1 More- Received 7 September 2020
- Accepted 20 October 2020
DOI:https://doi.org/10.1103/PRXQuantum.1.020313
Published by the American Physical Society under the terms of the Creative Commons Attribution 4.0 International license. Further distribution of this work must maintain attribution to the author(s) and the published article's title, journal citation, and DOI.
Published by the American Physical Society
Physics Subject Headings (PhySH)
Popular Summary
Majorana zero modes are quasiparticles that may emerge in certain condensed matter systems, with properties that could be very favorable for quantum computing. Quantum information can be stored nonlocally between a set of Majorana zero modes, in a way that makes the information inaccessible from the environment, thus protecting it from noise and external disturbances. On the other hand, this nonlocal protection also makes the manipulation of quantum information more challenging. Of particular importance is the ability to measure properties of the quantum system, without introducing unwanted disturbances. By measuring joint properties of the Majorana zero modes, logical operations can be executed on the encoded quantum information in a protected manner. We show, using numerical simulations, how to perform such measurements that are both accurate and fast, within a practical and scalable architecture.

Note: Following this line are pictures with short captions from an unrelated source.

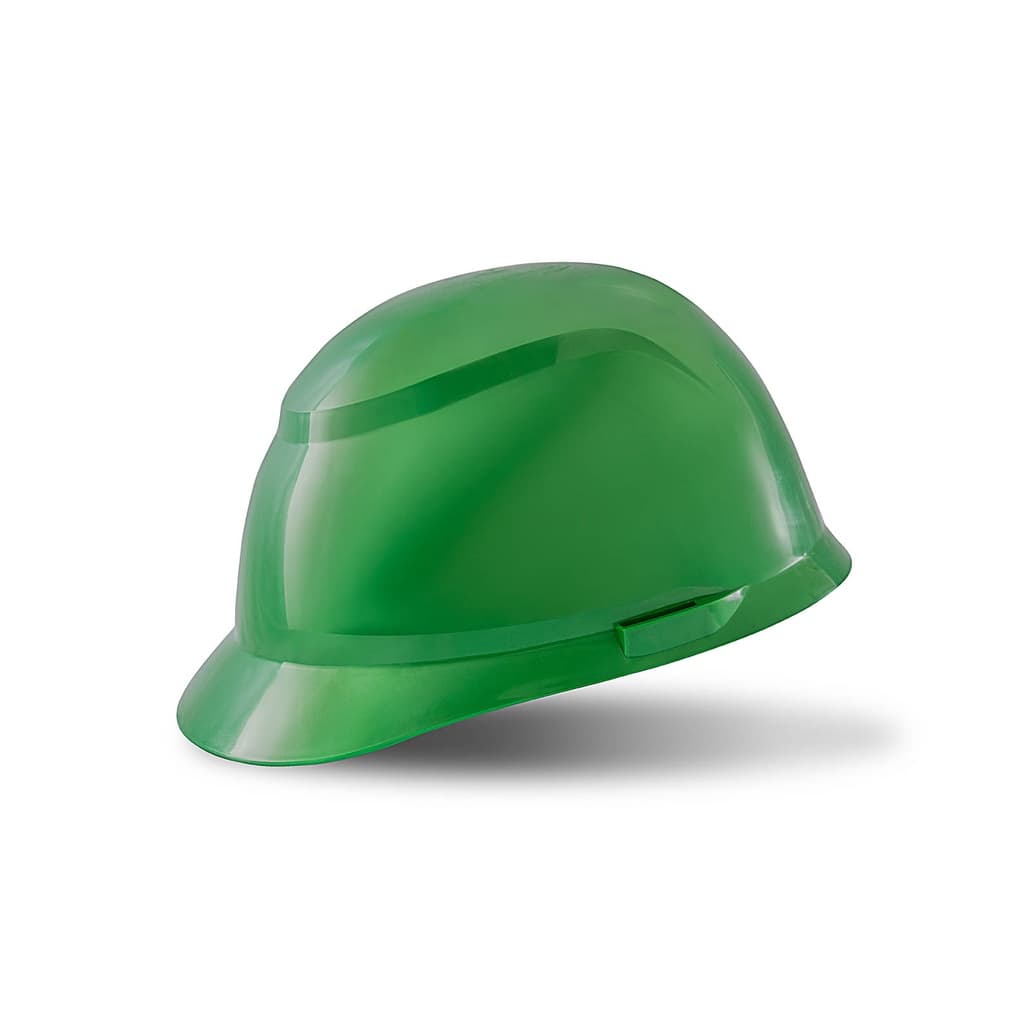 Capacete Segurança EPI Obra Construção Civil Verde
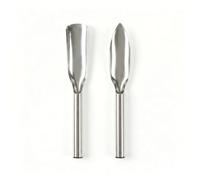 Lot de 2 truelles de jardin en acier inoxydable, pelle à main, outils de jardinage pour désherber, creuser, planter, truelles plates et pointues pour jardin, sol, fleurs, légumes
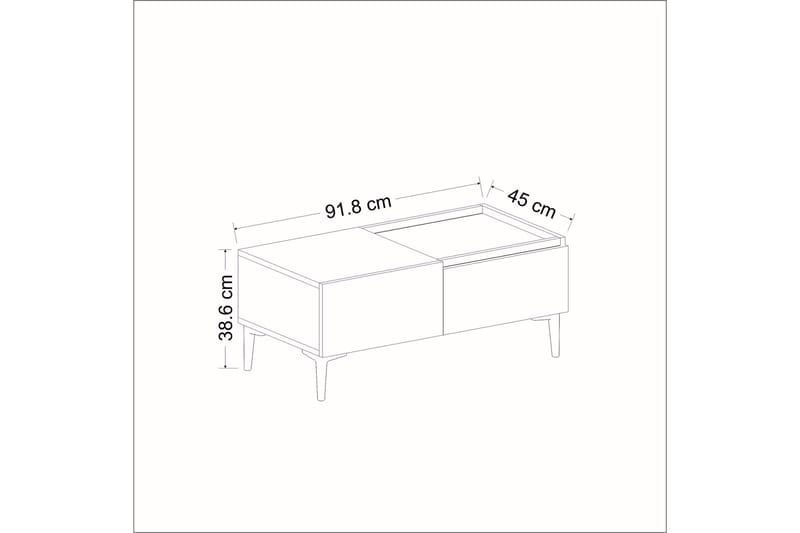 KRYSTYNA Soffbord 92 cm Antracit - Möbler - Vardagsrum - Soffbord & vardagsrumsbord - Soffbord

In our paper, we introduce measurement schemes borrowed from circuit quantum electrodynamics, using superconducting circuits and microwave resonators to perform measurements. This approach has been extremely successful for other quantum computing platforms, including superconducting and semiconducting qubits. We show theoretically that the same approach can be used to measure the joint parity of Majorana zero modes with high accuracy and on a timescale that is expected to be short compared to the coherence time of Majorana qubits.
An important implication of our work is that it shows that tried and tested measurement techniques, which have already been used in quantum computing chips with dozens of superconducting qubits, can also be used to measure the more exotic Majorana zero modes.